C. Entitas Organisasi dan Struktur Pengambilan Keputusan


1. Entitas Organisasi
Dalam organisasi yang berbentuk perserikatan, ada beberapa entitas yang diakui di dalam
organisasi, yakni anggota, yang merupakan entitas yang paling tinggi dan pengurus yang terdiri
dari Badan Eksekutif dan Dewan Pengawas baik di nasional maupun komunitas. Sementara, Staf
yang bekerja diangkat oleh Badan Eksekutif sebagai bagian dari perangkat kerja yang
mendukung kerja-kerja pencapaian mandat organisasi. Staf dapat berasal dari entitas anggota
maupun non anggota.
2. Struktur Pengambilan Keputusan
Sebagai organisasi berbasis keanggotaan individu, Solidaritas Perempuan secara rutin
menjalankan agenda-agenda yang menjadi bagian dari sistem pengambilan keputusan di mana
seluruh entitas dalam organisasi, termasuk anggotanya, dapat merumuskan berbagai strategi,
kebijakan, maupun tindakan yang akan dilakukan dengan memperhatikan aspek internal
organisasi dan perkembangan situasi eksternal, seperti konstelasi dan trend politik yang
berkembang dari tingkat daerah, nasional, hingga internasional. Adapun struktur pengambilan
keputusan Solidaritas Perempuan di tingkat nasional adalah sebagai berikut:
a. Kongres, merupakan pengambilan keputusan tertinggi dalam organisasi Solidaritas
Perempuan di mana seluruh anggota berkumpul dan merumuskan mandat organisasi yang
dilaksanakan setiap empat tahun sekali. Kongres tersebut, memiliki kewenangan untuk
menetapkan mandat organisasi dalam satu periode yang akan datang yang disesuaikan
dengan analisa organisasi terhadap perkembangan situasi, baik di internal maupaun
eksternal organisasi, mengevaluasi pelaksanaan program dan kebijakan selama satu
periode ke depan, serta memilih dan menetapkan Badan Eksekutif Nasional dan Dewan
Pengawas Nasional.

b. Kongres Luar Biasa. Kongres luar biasa memiliki fungsi dan wewenang yang sama.
Hanya saja dilaksanakan berdasarkan situasi khusus seperti terjadi pengunduran diri
Badan Eksekutif Nasional secara kolektif, ada permintaan dari dua per tiga anggota, dan
jika ada permintaan pembubaran organisasi.

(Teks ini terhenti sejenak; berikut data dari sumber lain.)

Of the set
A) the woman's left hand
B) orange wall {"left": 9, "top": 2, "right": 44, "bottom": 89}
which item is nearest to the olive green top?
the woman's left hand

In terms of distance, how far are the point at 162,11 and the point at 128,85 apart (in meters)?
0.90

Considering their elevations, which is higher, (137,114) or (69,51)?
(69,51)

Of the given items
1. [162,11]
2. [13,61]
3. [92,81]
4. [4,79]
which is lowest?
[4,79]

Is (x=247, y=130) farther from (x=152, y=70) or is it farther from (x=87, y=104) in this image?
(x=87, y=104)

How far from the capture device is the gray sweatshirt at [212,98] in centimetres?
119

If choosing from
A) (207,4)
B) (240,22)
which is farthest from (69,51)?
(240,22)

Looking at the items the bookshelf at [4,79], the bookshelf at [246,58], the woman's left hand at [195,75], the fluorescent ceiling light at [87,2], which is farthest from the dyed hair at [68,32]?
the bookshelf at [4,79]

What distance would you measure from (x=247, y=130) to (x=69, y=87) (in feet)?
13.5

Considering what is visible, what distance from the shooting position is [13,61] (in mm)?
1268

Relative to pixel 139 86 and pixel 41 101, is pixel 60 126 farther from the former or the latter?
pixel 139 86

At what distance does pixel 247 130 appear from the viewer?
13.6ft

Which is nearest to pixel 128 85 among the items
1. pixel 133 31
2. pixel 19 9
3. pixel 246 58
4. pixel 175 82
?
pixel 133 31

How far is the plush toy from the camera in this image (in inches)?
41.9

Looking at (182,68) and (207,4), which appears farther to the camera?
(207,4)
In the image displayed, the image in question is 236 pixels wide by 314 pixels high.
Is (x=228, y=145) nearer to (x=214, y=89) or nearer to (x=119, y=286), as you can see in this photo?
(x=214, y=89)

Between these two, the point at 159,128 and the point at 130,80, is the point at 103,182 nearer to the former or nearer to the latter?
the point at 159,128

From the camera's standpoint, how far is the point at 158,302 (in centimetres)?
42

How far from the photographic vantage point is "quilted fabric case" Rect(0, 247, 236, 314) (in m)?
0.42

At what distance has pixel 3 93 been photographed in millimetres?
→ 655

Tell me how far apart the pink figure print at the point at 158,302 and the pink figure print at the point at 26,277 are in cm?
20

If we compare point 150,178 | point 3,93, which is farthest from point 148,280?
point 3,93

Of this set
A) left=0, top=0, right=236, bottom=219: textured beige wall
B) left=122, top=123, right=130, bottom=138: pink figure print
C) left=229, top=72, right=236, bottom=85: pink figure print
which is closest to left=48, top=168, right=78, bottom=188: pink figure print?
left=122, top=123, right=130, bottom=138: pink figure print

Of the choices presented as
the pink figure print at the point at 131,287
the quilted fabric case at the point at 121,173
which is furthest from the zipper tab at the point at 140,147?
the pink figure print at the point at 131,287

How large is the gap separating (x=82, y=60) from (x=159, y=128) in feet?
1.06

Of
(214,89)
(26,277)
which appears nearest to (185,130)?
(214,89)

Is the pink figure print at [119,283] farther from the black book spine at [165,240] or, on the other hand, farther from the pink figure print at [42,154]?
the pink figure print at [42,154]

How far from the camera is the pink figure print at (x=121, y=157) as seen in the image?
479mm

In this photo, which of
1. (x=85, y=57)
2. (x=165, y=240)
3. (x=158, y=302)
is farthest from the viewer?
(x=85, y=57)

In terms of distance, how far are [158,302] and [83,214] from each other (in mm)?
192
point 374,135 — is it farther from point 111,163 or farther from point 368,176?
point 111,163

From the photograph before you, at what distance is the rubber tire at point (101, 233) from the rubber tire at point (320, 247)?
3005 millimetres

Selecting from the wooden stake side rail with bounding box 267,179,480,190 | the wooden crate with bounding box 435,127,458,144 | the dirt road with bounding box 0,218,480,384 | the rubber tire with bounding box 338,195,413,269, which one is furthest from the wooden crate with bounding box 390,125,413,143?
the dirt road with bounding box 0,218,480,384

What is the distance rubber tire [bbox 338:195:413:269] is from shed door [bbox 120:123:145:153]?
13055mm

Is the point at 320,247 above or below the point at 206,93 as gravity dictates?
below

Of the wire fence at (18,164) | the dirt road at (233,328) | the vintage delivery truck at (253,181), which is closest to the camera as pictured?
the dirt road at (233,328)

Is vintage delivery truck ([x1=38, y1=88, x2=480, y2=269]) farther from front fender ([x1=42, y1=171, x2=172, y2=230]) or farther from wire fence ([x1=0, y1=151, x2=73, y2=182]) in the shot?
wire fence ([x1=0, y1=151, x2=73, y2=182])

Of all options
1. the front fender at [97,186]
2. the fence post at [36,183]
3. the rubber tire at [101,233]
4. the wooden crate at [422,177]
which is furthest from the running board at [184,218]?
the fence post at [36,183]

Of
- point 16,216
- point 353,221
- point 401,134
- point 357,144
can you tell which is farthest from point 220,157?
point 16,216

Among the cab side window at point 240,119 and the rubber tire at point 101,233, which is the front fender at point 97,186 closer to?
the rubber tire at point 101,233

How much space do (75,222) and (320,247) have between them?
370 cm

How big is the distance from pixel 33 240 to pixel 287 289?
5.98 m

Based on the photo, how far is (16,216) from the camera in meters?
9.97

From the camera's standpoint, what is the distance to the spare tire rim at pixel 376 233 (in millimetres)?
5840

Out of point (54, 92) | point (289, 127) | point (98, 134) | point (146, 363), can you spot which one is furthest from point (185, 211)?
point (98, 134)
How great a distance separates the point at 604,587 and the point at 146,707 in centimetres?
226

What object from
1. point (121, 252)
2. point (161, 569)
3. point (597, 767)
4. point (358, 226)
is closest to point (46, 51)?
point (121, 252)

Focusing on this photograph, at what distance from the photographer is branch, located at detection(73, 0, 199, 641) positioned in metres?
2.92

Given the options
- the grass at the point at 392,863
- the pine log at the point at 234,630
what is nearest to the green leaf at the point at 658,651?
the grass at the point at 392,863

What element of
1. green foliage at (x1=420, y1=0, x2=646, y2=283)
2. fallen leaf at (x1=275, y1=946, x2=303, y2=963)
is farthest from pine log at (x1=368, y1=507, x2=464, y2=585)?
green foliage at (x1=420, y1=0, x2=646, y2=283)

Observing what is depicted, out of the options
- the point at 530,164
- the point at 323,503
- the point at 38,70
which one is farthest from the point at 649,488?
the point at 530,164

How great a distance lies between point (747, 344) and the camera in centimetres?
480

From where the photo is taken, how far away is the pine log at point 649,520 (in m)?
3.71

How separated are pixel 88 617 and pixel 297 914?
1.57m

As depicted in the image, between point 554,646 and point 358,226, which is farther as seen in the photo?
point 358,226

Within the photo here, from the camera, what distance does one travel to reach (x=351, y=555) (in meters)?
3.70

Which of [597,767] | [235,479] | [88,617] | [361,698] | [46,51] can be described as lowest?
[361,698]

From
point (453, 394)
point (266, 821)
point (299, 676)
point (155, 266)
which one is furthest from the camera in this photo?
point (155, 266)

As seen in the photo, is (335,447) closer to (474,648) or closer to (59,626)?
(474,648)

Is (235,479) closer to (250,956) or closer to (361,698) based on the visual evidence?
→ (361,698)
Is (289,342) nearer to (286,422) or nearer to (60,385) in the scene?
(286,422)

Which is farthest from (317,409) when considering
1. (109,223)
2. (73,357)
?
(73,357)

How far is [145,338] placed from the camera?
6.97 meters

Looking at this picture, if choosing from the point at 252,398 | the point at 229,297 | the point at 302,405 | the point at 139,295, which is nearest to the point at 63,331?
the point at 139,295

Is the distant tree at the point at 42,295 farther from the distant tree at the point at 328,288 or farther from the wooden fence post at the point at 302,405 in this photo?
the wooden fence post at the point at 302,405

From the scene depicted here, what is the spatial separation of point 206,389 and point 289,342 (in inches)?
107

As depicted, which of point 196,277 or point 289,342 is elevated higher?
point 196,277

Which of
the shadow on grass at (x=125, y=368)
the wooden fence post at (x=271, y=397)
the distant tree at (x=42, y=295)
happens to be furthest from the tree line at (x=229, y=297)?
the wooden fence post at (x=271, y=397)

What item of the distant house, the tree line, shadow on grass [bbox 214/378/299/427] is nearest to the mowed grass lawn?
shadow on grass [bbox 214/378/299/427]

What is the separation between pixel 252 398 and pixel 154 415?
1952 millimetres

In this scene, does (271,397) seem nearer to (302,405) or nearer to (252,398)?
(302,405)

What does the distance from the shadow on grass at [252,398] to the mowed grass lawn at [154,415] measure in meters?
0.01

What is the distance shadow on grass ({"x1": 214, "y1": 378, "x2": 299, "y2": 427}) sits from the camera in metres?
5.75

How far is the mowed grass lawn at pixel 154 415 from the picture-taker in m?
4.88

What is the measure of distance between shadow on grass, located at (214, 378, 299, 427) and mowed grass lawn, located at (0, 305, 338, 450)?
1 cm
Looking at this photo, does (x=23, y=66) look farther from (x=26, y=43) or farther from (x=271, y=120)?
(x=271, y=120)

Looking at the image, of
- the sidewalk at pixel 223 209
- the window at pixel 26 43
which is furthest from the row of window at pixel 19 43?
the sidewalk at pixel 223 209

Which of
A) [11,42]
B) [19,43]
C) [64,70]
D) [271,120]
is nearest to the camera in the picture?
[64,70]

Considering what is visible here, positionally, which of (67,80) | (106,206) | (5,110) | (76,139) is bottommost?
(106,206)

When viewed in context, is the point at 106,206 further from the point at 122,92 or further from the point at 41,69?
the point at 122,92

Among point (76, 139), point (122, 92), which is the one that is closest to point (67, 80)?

c. Rapat Nasional Dewan Komunitas (RNDK), merupakan forum konsultasi dan


pengambilan keputusan tertinggi setelah kongres. Dihadiri oleh Dewan Komunitas yang
merupakan gabungan dari seluruh Badan Eksekutif di Komunitas, yang memiliki
wewenang untuk melakukan evaluasi kerja selama satu tahun dan penyusunan strategi
kerja satu tahun yang akan datang.

d. Rapat Koordinasi Dewan Pengawas Nasional dan Badan Eksekutif Nasional, merupakan
rapat yang mengkoordinasikan fungsi pengawasan dan fungsi eksekutif dalam organisasi
yang dilaksanakan setiap enam bulan sekali. Rapat ini memiliki wewenang mengesahkan
rencana kerja enam bulanan dan rutin mengevaluasi kerja selama enam bulan ke
belakang.

e. Rapat Pleno Dewan Pengawas Nasional,, merupakan rapat rutin yang diadakan minimal
tiga bulan sekali di mana salah satu wewenangnya adalah membahas hasil pengawasan
baik di tingkat Badan Eksekutif Nasional maupun komunitas.

f. Rapat Kerja Badan Eksekutif Nasional, merupakan rapat internal eksekutif yang memiliki
wewenang, salah satunya, membahas strategi kerja dan pengelolaan anggaran.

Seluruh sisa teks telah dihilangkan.